I’ve released today the new version of spass
, a tool that creates cryptographically strong passwords and passphrases by generating random bits from your sound card.
In the user facing side, spass
can now create passphrases as long as passwords. The words for the passphrases are chosen out of a list of 8192 words which means each word adds 13 bits of entropy to the passphrase.
spass
can now use one of three audio backends (the old version could only use OSS):
- Advanced Linux Sound Architecture (ALSA)
- Open Sound System (OSS)
- PortAudio
The PortAudio support will hopefully make it easy to port spass
to other platforms as well (such as Windows).
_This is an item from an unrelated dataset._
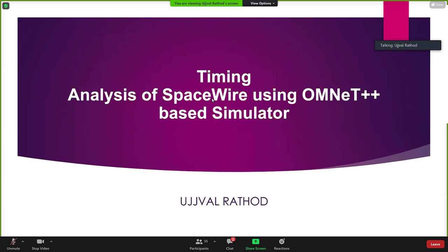I was writing my thesis. It was based on HomeNet++ and SpaceWire. The topic was the timing analysis of SpaceWire using a HomeNet++-based simulator. In this presentation, I will show some of the things what I did already in my thesis.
The random number generator got overhauled and now there is an unbiasing step before applying the hash function. This should help getting consistent results in terms of entropy. In the backstage I’ve migrated the project from autotools to cmake
.
You can find more information, as well as both source and binary packages in https://github.com/guyru/spass.
This is really cool. Is there any chance you releasing the software under a more free license such as BSD/MIT or apache?
Why release it under a different license?
I truly believe that if someone wants to distribute work based on this code, he should distribute the code under the same terms I did.
I just prefer free software to restricted software even if it is open source. GPLv3 software can’t be used by a lot of projects or companies. GPLv2 is a little bit better but isn’t the best.